What follows is the text of the talk I gave at the DLF Forum on November 4, 2012, as part of the presentation headed by Ellysa and Smiljana.
Most research libraries typically acquire personal archives from creators at the end of careers, or lives, or even after their death, which effectively means that material can be acquired decades after its creation. Because of technological obsolescence and how fluid our personal uses of technology are, it’s logical to conclude that creators need to become more active in curation activities, and libraries need to engage them much earlier in the creation process, else we risk losing valuable cultural material down the digital black hole.

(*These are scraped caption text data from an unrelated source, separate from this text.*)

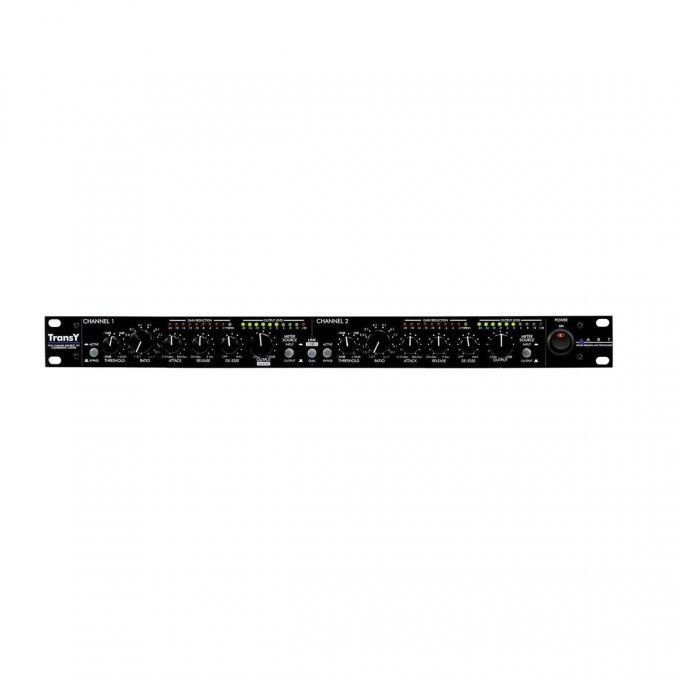 Динамическая обработка ART TRANSY 55925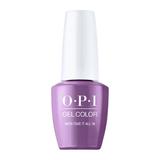 Lac de Unghii Semipermanent - OPI Gel Color Fall Wonders Medi-Take it All In, 15 ml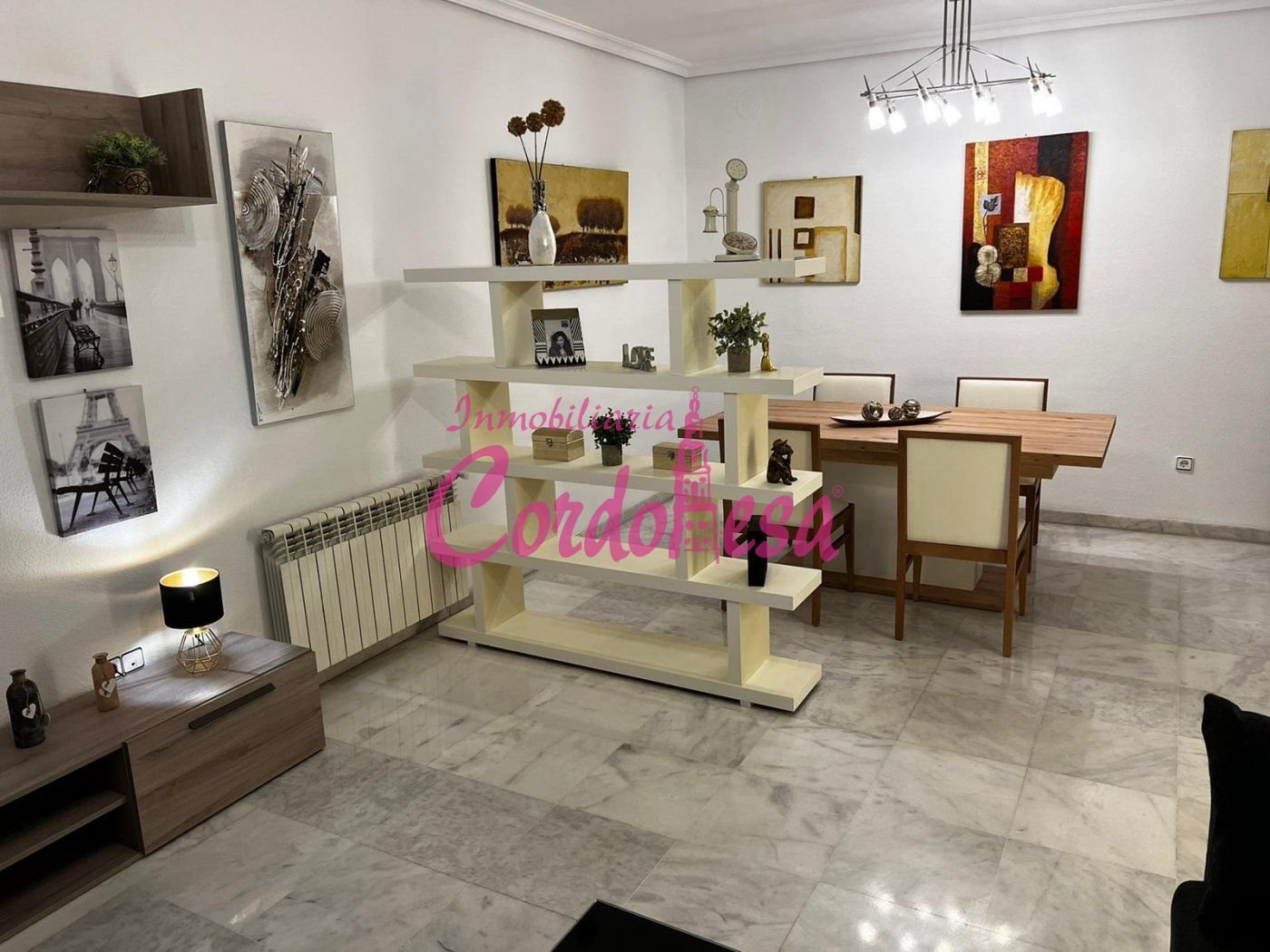 Piso de 110 m² en Córdoba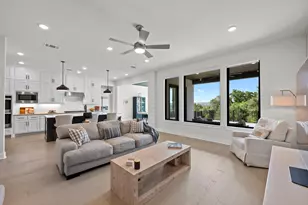 1204 Moonlight Terrace Dr, Georgetown, TX 78628 - Photo 5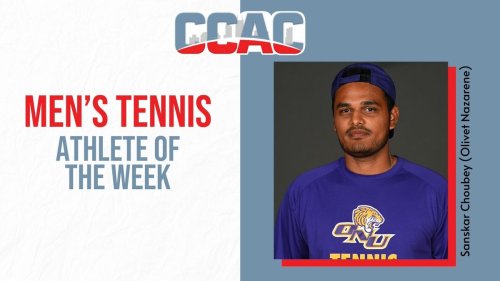 Photo post from @CCACSports.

But I think there are some challenges to compressing this distance between creation and acquisition. For starters, do creators want to be bothered with our curatorial recommendations? In a report on born-digital literary manuscripts, Matthew Kirschenbaum and others concluded, based on interviews with working authors, that suggesting to them certain technological behaviors might impinge on their creative process, and hence be unwelcome advice. In our grant’s initial survey less than half of respondents answered affirmatively to the question of whether librarians should offer them personal archiving and digital preservation assistance. Several respondents even explicitly stated their opposition to being told how to preserve their own material in a free text comment field.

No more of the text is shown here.